J.C. Penney bandwagon hoppers are now hitching a ride to the holy grail of prosperity.
Without a doubt, there's a feel-good story here. Plano, Texas-based J.C. Penney has been the retail sector's punching bag after the Ron Johnson experiment failed. But this has all of the makings of irrational exuberance.
One catalyst for Tuesday's surge came courtesy of positive remarks from a Citi report led by analyst Oliver Chen. While upgrading the stock to a "buy," Citigroup says there's potential for the stock to add an additional 30% upside.
Citigroup is late to the party. Meanwhile, investors who have always perceived this stock as cheap are soaking up the upgrade. Where was this "conviction" when the stock traded at $4.90 several weeks ago?
Unquestionably, the embattled J.C. Penney has taken some meaningful strides to stabilize its business. There are noticeable improvements both financially and operationally. I just don't believe retail investors are looking at J.C. Penney with the right lens.
First, to describe the company's fourth-quarter earnings report (released Feb. 26), let's stop using the term "better-than-expected." With revenue declining 2.6% year over year, and missing Street estimates, the more appropriate description was "less bad."
Secondly, not much was expected from the fourth-quarter report. As impressive as the $35 million earned in net income, the company benefited from a tax benefit of $270 million. This was tied to gains from J.C. Penny's pension plan.
Tired of punishing new management after Ron Johnson, the Street has always wanted to give J.C. Penney the benefit of the doubt. The slight increase in same-store-sales provided the reason.

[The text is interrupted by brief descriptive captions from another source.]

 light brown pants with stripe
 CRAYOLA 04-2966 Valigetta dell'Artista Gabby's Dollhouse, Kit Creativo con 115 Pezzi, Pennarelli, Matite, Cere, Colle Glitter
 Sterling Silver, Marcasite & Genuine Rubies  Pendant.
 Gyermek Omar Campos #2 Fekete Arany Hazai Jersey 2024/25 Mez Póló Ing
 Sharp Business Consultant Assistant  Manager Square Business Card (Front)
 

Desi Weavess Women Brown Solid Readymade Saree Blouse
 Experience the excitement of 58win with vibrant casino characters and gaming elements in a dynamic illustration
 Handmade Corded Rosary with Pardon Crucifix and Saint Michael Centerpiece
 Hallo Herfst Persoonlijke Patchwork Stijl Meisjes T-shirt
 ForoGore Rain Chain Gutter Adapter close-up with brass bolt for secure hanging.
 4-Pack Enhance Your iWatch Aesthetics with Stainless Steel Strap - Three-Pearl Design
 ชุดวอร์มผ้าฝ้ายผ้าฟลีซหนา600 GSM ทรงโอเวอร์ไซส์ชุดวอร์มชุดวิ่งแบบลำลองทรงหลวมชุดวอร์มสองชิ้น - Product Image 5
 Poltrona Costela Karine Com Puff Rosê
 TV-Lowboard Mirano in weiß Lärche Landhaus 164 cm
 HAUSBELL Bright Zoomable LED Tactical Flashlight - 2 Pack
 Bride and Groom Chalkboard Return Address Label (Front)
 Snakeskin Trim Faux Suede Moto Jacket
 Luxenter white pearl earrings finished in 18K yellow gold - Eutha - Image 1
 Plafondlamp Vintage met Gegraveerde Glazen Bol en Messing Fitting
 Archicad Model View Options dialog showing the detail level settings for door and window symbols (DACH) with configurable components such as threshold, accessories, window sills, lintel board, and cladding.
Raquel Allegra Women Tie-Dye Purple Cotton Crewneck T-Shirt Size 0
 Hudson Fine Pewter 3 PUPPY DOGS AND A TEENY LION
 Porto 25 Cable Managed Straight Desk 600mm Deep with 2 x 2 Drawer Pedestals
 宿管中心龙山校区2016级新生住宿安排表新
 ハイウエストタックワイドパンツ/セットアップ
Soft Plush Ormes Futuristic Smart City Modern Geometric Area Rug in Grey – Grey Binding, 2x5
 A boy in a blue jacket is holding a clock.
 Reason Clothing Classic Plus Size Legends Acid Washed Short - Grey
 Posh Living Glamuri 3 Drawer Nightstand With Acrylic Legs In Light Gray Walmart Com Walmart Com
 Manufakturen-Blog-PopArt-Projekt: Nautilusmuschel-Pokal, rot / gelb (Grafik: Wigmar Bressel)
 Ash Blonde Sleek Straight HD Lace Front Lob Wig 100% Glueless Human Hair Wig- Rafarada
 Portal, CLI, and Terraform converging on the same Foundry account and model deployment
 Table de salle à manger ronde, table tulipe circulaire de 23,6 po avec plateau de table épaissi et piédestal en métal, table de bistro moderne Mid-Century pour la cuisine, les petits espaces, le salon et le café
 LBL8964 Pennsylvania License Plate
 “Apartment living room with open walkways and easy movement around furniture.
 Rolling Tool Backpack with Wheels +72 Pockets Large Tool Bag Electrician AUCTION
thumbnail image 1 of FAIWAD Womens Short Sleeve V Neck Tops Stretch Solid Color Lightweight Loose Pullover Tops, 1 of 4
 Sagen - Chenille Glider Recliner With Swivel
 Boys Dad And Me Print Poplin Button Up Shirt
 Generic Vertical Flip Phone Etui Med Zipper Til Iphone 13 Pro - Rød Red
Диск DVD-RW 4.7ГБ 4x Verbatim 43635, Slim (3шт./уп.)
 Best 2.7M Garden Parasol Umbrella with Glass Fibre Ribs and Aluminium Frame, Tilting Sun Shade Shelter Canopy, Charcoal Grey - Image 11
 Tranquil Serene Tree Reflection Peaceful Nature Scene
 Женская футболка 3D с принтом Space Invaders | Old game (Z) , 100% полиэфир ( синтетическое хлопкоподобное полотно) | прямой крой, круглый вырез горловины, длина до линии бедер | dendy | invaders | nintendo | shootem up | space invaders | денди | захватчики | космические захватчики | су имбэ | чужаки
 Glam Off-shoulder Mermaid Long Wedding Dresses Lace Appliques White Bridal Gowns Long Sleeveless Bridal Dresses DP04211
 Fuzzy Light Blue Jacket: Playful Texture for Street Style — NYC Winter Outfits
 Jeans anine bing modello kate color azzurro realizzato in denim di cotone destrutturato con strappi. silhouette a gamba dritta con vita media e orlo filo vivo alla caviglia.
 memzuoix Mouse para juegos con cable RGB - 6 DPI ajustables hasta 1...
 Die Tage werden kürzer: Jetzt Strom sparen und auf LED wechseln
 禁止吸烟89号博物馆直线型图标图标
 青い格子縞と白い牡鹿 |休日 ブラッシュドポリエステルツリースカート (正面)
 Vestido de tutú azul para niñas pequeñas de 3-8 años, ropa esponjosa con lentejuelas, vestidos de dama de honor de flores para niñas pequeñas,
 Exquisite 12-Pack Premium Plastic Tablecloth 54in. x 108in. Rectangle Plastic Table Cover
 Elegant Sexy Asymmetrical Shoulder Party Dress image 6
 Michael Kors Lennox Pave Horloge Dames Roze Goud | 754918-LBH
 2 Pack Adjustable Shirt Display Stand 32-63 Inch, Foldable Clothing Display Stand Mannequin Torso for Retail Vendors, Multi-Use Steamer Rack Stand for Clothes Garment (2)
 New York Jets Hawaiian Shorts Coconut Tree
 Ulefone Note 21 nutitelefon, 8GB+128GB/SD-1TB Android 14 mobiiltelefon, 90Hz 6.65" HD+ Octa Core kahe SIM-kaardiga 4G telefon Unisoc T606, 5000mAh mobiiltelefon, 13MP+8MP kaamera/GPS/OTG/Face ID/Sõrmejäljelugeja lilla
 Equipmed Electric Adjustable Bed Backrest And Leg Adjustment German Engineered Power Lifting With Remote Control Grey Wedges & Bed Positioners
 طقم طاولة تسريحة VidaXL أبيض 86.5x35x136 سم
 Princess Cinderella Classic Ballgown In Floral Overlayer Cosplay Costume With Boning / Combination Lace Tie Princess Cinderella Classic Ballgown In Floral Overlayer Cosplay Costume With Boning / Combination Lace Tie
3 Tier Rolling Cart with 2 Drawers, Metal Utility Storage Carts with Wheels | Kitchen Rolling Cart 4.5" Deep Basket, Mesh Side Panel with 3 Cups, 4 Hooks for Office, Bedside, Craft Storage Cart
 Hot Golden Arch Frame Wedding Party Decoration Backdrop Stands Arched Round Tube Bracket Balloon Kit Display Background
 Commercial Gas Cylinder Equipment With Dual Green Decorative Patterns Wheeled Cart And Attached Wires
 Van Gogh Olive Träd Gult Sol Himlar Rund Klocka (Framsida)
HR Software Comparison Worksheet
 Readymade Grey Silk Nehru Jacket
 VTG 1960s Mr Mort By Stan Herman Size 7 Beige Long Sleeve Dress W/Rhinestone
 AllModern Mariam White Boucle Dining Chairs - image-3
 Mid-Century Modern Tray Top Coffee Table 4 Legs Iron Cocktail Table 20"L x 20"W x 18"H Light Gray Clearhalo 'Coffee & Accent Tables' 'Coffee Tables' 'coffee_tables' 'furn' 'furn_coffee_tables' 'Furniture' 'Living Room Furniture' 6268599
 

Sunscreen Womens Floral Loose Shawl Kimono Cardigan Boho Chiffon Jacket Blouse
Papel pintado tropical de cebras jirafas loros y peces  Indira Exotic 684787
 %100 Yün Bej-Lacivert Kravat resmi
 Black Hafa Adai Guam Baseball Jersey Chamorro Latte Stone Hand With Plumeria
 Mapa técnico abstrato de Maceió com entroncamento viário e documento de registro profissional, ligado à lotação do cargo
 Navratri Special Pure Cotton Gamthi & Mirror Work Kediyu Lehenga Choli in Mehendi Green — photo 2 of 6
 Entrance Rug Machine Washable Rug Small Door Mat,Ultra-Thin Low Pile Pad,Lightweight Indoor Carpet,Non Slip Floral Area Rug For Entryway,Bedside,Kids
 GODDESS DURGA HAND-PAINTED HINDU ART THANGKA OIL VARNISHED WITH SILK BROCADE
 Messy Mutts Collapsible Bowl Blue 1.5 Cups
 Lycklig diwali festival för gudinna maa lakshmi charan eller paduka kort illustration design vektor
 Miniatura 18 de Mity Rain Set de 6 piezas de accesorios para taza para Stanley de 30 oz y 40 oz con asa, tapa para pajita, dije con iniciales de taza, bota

Management projects same-store sales will rise between 3% to 5% in the first quarter.
But where's the track record in this story to suggest that Penney can deliver positive store sales for all of 2014? With the stock up more than 90% already, investors are risking a lot. And even though gross margin expanded, it's also because the company has been aggressively cutting costs.
Investors are making a mistake to assume that the likes of Wal-Mart (WMT) and Target (TGT) will continue to struggle. Along those lines, is it just a coincidence that J.C. Penney showed "better-than-expected" numbers in the same quarter that Target experienced its data breach?
Clearly, there are other factors at play here. And not all of them are within the company's control. The good news is that the worst is over for J.C. Penney. But don't think management has outlined a strategy to support this new holy grail of prosperity. Certainly not one that merits a 90% stock surge in just 22 days.
At the time of publication, the author held no position in any of the stocks mentioned.
This article represents the opinion of a contributor and not necessarily that of TheStreet or its editorial staff.